Sculptor John Turier and artist Nicola Hensel have topped and tailed their 26th year of life together with two milestones.
In January they were married, in a ceremony at The Lock-Up gallery in Newcastle city.
And, this summer, they are exhibiting together.
"After 26 years of making art side by side, this is the first time we've actually shown our art together," Turier says.
They each have more than 20 works in Maitland Regional Art Gallery showing at an exhibition titled Kalliope Calliope after the Greek goddess muse of eloquence and epic poetry.
Two of the Turier sculptures on show contain deep personal elements.
One is "a mechanical parade" based on a game the pair played back in the early years of their relationship, when their house was thrumming with the activity of six young children. The couple placed "strange, funny toys" on the ledge over their kitchen sink.
"We used to rearrange them to surprise each other in the morning," Hensel explains.
"It was to keep us sane," Turier says.
"It just got more and more ridiculous, a joke that ran between everybody," says Hensel.
Turier has used bicycle chains to make a hand-wound conveyor belt that parades strange beings, including a kangaroo with a pineapple head and an angel with bonito fish tail wings.
In another new work, Turier has made bronze figures representing himself and Hensel at either end of a balancing beam. It's about the burdens and rewards of leading a creative life, he says.
The autobiographical figures were made using the lost wax bronze casting method, which starts with a model made of malleable industrial strength wax, and then develops through a series of progressions from solid to liquid and back again.
"I love bronze, it's like sculptor's oil paint in a way," he says.
Turier depicts himself carrying a moon uphill - "it's a little metaphor for romance".
Similarly, the figure of Hensel bears a load, an over-sized "harvest basket" carried on her head to symbolise the balancing act of being a creative practitioner and a dedicated mother and partner.
Hensel, whose art form is drawing, says she raised their family "the traditional way". She fit art in around home duties, working at the kitchen table and setting up a "mini studio" on a plank placed over the laundry tub.

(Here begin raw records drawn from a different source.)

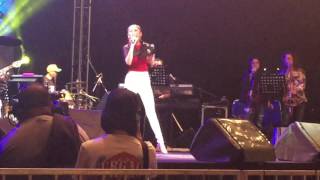 Samar Bayangan  Elica at Konsert Mentor Milenia 2017 [upl. by Rouvin]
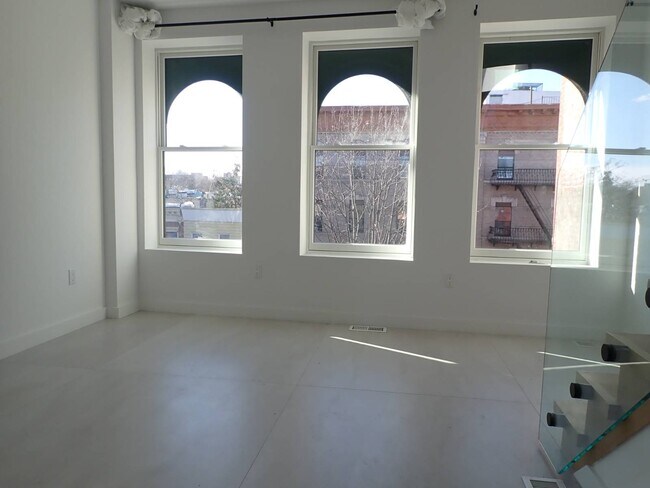 Building Photo - 1511 Pacific St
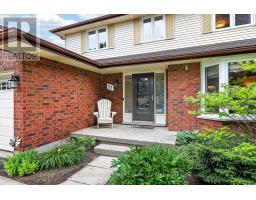 27 SIOUX CRESCENT - 8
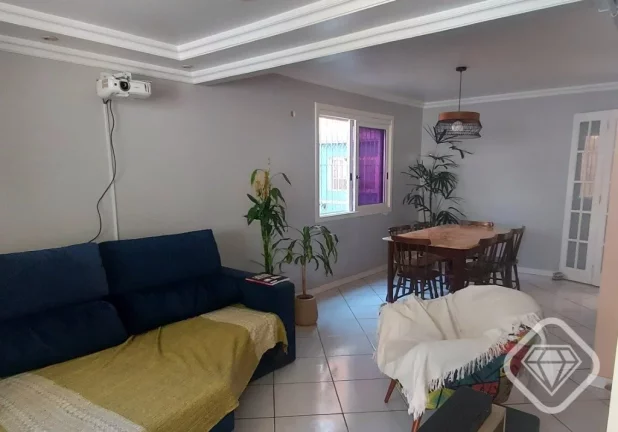 Imagem Casa em condomínio na Tristeza
Não geminada, com 3 dormitórios e pátio lateral

Uma raridade na ...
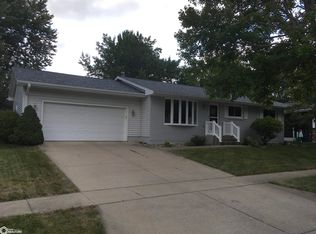 820 Randall Ln, Burlington, IA 52601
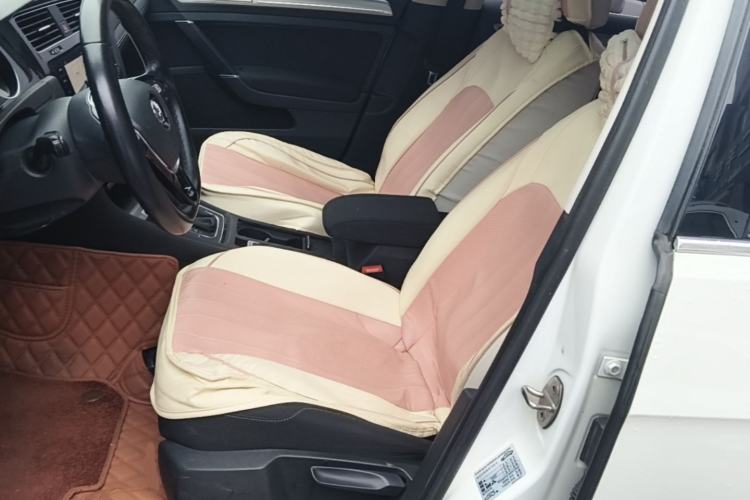 Used Volkswagen Golf 2019 200TSI DSG Comfort & Ambition Edition China VI Standard Left Front Seat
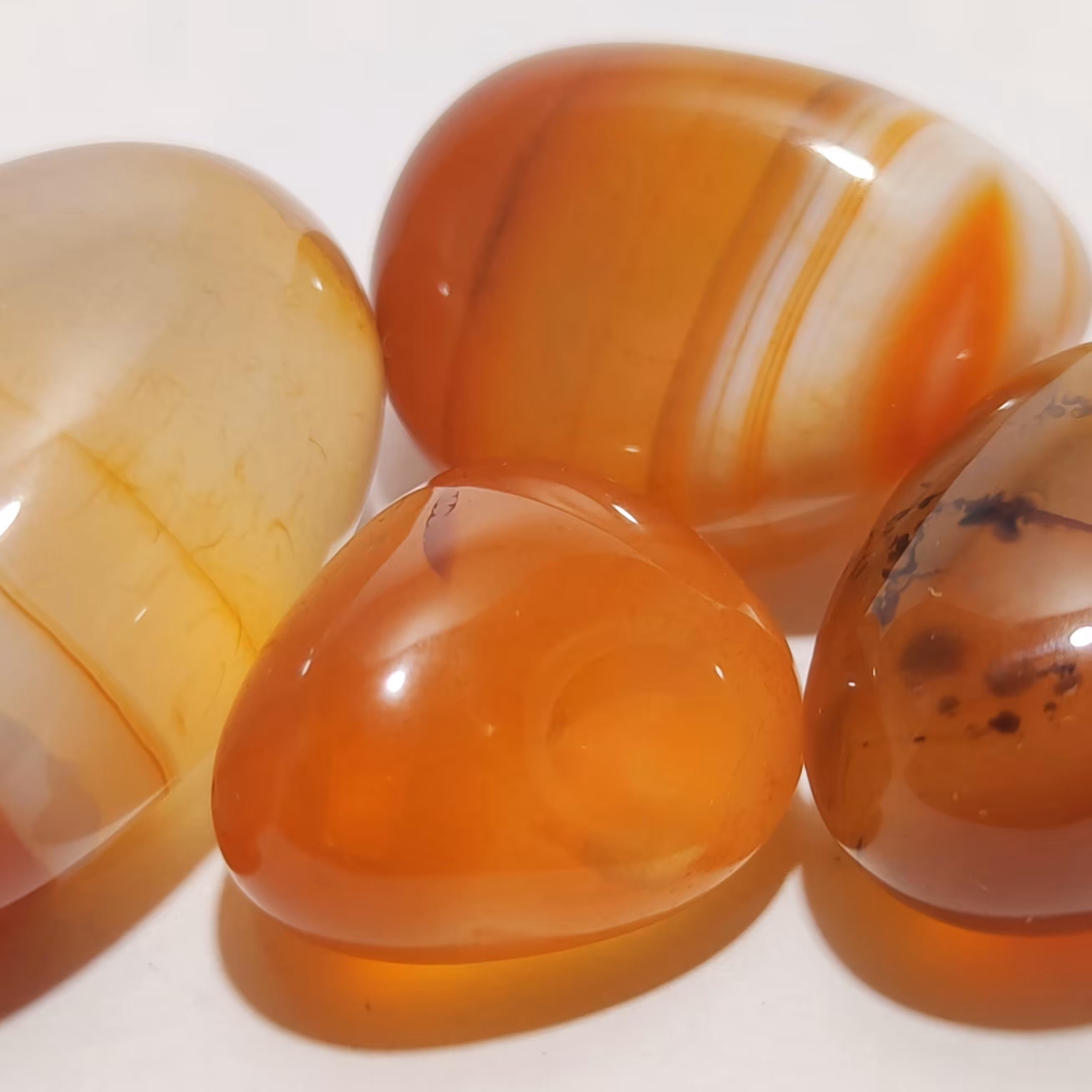 چهار قطعه سنگ عقیق معدنی صیغلی شده (تامبلر)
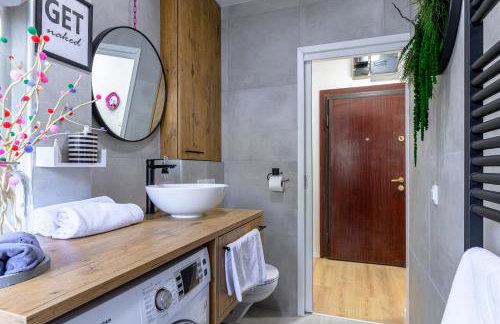 Home Abroad - Foto 38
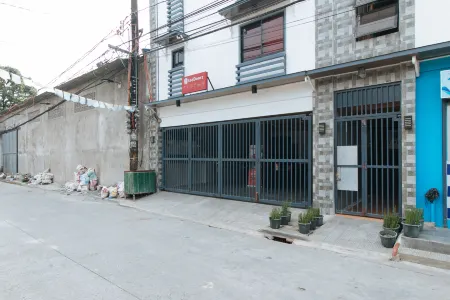 RedDoorz near Christ the King Medical Center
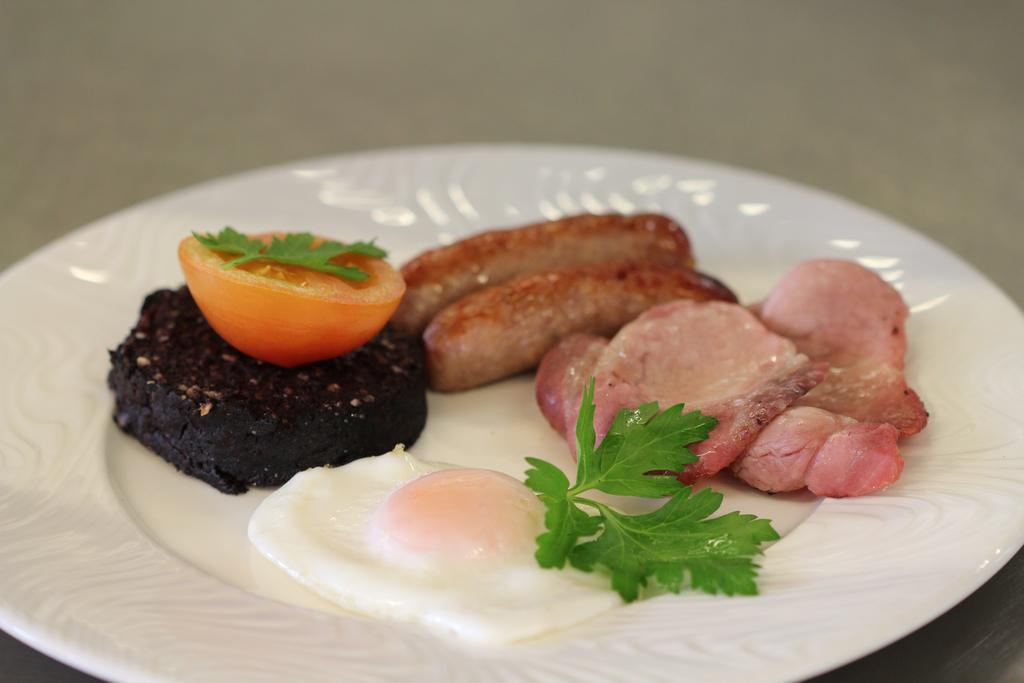Strathburn Hotel Inverurie By Compass Hospitality Extérieur photo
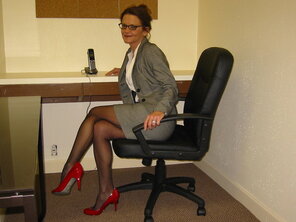 amateur pic Office Slut Jennifer - IMG_0692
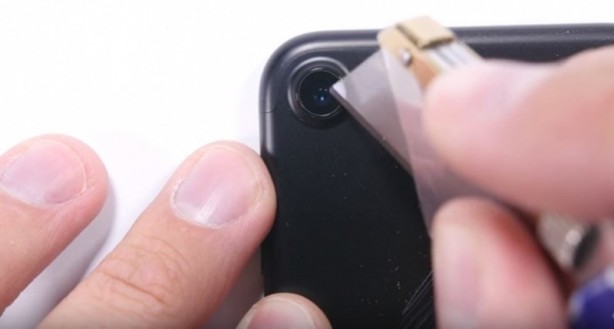 Foto - iPhone 7 sağlamlık testinde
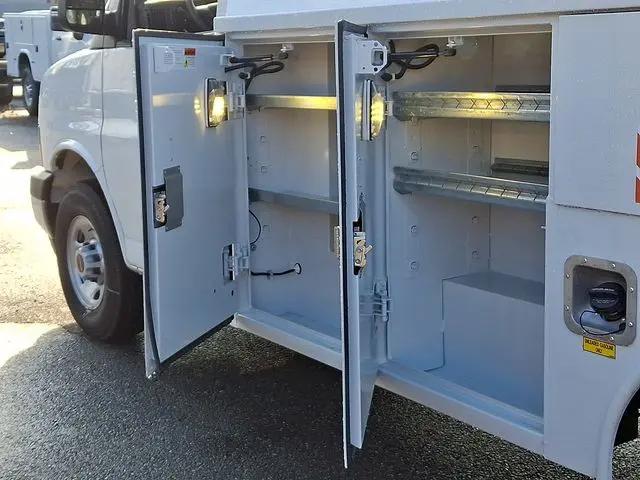 2025 GMC Savana Cutaway Work Van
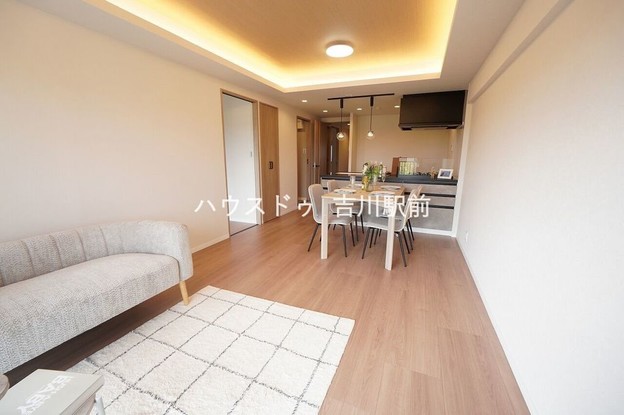 apartment 埼玉県吉川市木売１丁目9-4 クレオメデス101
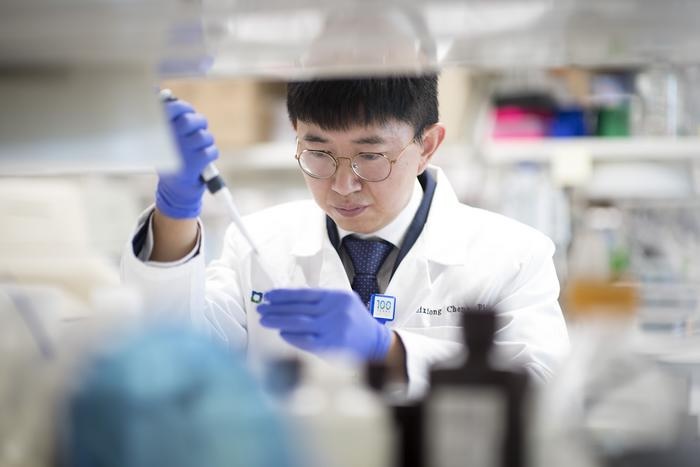 パーキンソン病に新展開：AIが遺伝要因と再利用可能な治療薬を特定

"Somehow I just managed to have a career that came out of being completely enmeshed with a domestic life," she says.
The couple's children, now all adults, also work in creative fields from hip-hop DJ-ing to lacemaking.
"I think it's just from them seeing us wing it," Hensel reflects.
"It didn't feel like some precious thing that you had to aspire to, it's just what we did, we always made stuff for fun and pleasure."
In the MRAG exhibition, Hensel is showing intricate graphite drawings of trees worked plein air.
"I would get up at five o'clock in the morning to go and draw," she says.
There are also works based on cuttings taken from the couple's garden, such as a sprig of berries "turned into like a galaxy".
Hensel says she's been drawing since she was a small child, starting with "lipstick on the wall".
"I just doggedly decided that I was an artist from an early age," she explains.
Turier started out as a plumber and had his own business, while gigging after hours as songwriter Johnny Bakerlite. (He's releasing a CD of his new tracks at the exhibition's opening.)
The turning point came for Turier when he was helping his brother, who'd had an accident, find a new line of work. He investigated fine arts, and enrolled himself instead. In his second year of study, Turier gained representation at a Sydney gallery.
He has since worked on more than 20 public art projects, including the 14-metre tall sculpture Foundation Seed which stands in the middle of King Street.
Turier says sculpture resonates with him as it requires a mix of his practical skills with the "being in the moment" process that attracted him to make music.
"Suddenly the light came on, it was just fantastic," he says.
"I never looked back from there. It's a human impulse to make."
Nicola Hensel and John Turier's exhibition, Kalliope Calliope, runs from November 23 to February 16.